Projet de société nationale de distribution de poisson : L’Etat veut-il enlever le poisson des bouches des mareyeurs ?
Dans une communication présentée en conseil des ministres, le ministre des pêches et de l’économie maritime, Aghdafna Ould Eyih, a proposé la création d’une société nationale de distribution du poisson sur le marché local.
Outre les nombreux écueils de l’immixtion de l’Etat dans des secteurs lucratifs destinés à l’activité privée, la communication est ressentie comme un coup dur pour les milliers de mareyeurs mauritaniens, essentiellement des femmes, qui vivent de cette activité.
La communication ministérielle ne précise pas non plus la provenance du poisson qui sera vendu par l’Etat. En effet, il existe aujourd’hui beaucoup de critiques contre les administrations en charge de récolter les quantités de poissons reversés par les navires étrangers (2%) comme les 105 tonnes déversés récemment par l’Atlantic Dawn avant sa sortie des eaux mauritaniennes. Il y a également dans ce registre les importantes quantités saisies sur les bateaux fraudeurs.
Des sources à Nouadhibou indiquent que ces quantités de poissons font l’objet d’un grand trafic des responsables qui sous le couvert de mise à disposition des citoyens de poisson frais, parfois même distribués gratuitement, font beaucoup d’argent au détriment des circuits traditionnels de vente par les mareyeurs.

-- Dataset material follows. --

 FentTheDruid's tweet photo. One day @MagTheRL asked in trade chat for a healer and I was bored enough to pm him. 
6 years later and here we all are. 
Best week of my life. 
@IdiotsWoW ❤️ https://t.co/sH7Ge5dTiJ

« Après avoir satisfait les pêcheurs des céphalopodes que les mauritaniens ne consomment pas, voilà que l’Etat se retourne contre nous pour retirer le poisson de la bouche » vocifère un mareyeur pris de court par la communication du minsitre, Aghdafna Ould Eyih.

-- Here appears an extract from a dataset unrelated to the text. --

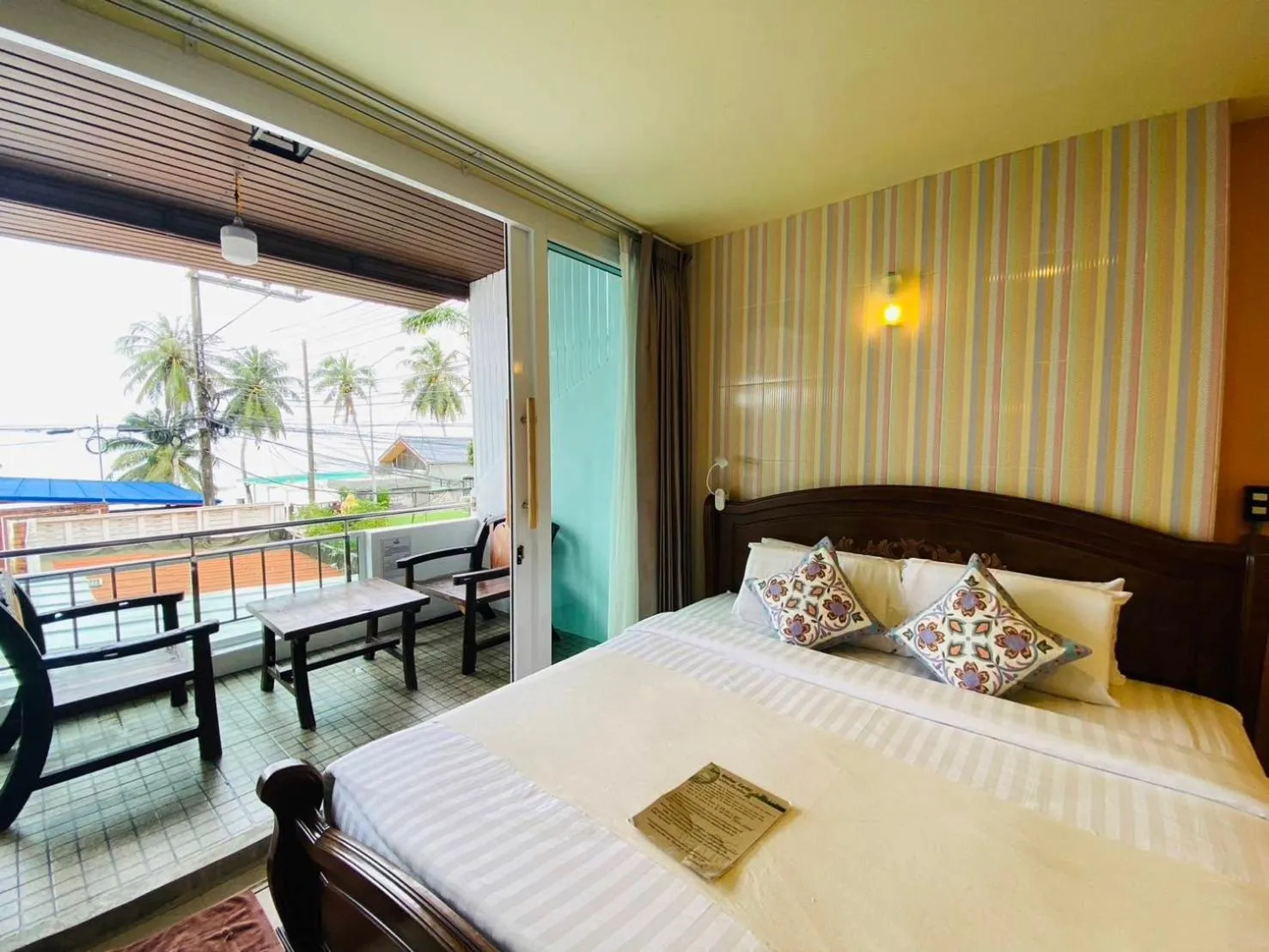 View (from property/room), Bed in Talay Sai @ Thung Wua Laen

Selon la présentation qui en est faite la société nationale aurait « pour objectif d’assurer l’approvisionnement des centres urbains en poisson à des prix abordables par rapport au pouvoir d’achat des citoyens ».

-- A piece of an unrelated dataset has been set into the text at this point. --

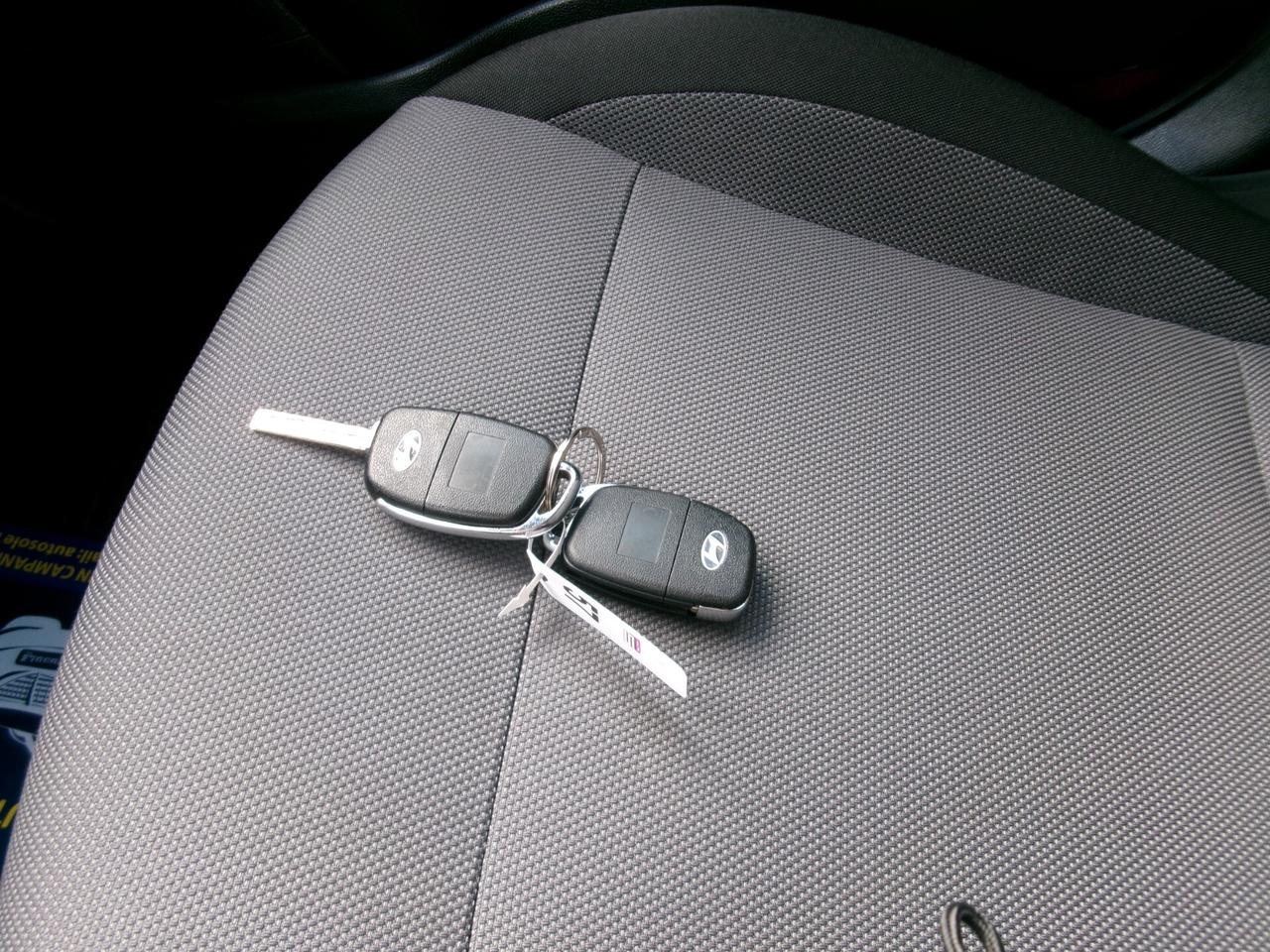 Hyundai i20 5P 1.2 75CV E6D MPI CONNECTLINE **PERFETTA**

Notons enfin que dans le même sillage, l’Etat avait initié il y a trois ans, un ambitieux programme de construction de poissonneries à l’intérieur du pays et de crédits à la pêche artisanale dans l’objectif de « disponibiliser le poisson aux citoyens ». Deux actions de plus d’un milliard d’ouguiyas qui se sont noyées dans le détournement et l’affairisme des responsables qui en avaient la charge.